**TASK TO COMPLETE**
Start at the line below containing "Squatch Disc Golf" and stop at the line containing "How to Make". Repeat every line of that stretch exactly, and nothing outside it.

**PROVIDED MATERIAL**
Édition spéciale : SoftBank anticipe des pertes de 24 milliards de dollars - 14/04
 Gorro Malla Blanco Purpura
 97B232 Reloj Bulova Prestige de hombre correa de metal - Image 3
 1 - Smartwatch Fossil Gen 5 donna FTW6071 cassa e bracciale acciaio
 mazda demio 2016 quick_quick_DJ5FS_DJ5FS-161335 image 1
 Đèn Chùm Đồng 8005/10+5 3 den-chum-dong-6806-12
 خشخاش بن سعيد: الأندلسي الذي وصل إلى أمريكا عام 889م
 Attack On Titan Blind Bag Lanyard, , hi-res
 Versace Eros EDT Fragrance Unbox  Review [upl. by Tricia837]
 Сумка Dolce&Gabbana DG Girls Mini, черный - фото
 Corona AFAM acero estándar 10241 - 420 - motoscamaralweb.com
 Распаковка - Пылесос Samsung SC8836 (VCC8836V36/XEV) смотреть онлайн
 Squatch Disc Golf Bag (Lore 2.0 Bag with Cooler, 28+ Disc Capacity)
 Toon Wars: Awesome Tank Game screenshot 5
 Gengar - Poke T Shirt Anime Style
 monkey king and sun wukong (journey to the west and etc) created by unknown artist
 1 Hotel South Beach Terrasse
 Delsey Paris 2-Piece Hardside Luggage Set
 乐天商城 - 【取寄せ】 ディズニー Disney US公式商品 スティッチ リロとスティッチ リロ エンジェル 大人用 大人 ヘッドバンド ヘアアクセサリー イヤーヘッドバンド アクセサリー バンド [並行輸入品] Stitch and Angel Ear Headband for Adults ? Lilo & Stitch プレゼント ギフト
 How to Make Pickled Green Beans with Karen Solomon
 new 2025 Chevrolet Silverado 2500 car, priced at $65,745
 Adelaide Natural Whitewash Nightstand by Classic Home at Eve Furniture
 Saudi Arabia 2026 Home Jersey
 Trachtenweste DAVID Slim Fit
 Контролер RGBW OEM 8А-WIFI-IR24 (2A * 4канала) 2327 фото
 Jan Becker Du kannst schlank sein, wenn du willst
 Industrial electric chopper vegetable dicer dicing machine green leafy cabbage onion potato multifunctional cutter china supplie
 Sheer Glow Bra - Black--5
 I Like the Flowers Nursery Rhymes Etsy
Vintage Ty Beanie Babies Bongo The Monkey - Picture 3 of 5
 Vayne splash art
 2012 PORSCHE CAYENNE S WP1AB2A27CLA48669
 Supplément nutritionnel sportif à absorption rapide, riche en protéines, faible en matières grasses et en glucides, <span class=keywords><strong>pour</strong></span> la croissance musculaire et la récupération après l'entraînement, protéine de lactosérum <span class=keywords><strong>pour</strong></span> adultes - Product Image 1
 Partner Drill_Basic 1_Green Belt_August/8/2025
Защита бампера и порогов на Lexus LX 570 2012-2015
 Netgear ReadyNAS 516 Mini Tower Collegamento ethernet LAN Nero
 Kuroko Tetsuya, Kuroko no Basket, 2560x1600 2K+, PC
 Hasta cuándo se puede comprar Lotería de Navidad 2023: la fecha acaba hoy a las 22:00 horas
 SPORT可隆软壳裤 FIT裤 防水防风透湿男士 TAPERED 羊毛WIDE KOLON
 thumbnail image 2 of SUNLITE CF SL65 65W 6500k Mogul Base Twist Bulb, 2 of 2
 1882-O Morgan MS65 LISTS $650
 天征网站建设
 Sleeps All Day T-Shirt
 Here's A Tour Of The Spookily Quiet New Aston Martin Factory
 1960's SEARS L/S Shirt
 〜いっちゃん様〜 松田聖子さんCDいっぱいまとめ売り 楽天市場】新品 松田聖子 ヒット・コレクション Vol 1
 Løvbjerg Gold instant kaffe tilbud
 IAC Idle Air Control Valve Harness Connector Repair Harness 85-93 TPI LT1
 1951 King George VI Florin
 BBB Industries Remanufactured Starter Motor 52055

**RESPONSE**
 Squatch Disc Golf Bag (Lore 2.0 Bag with Cooler, 28+ Disc Capacity)
 Toon Wars: Awesome Tank Game screenshot 5
 Gengar - Poke T Shirt Anime Style
 monkey king and sun wukong (journey to the west and etc) created by unknown artist
 1 Hotel South Beach Terrasse
 Delsey Paris 2-Piece Hardside Luggage Set
 乐天商城 - 【取寄せ】 ディズニー Disney US公式商品 スティッチ リロとスティッチ リロ エンジェル 大人用 大人 ヘッドバンド ヘアアクセサリー イヤーヘッドバンド アクセサリー バンド [並行輸入品] Stitch and Angel Ear Headband for Adults ? Lilo & Stitch プレゼント ギフト
 How to Make Pickled Green Beans with Karen Solomon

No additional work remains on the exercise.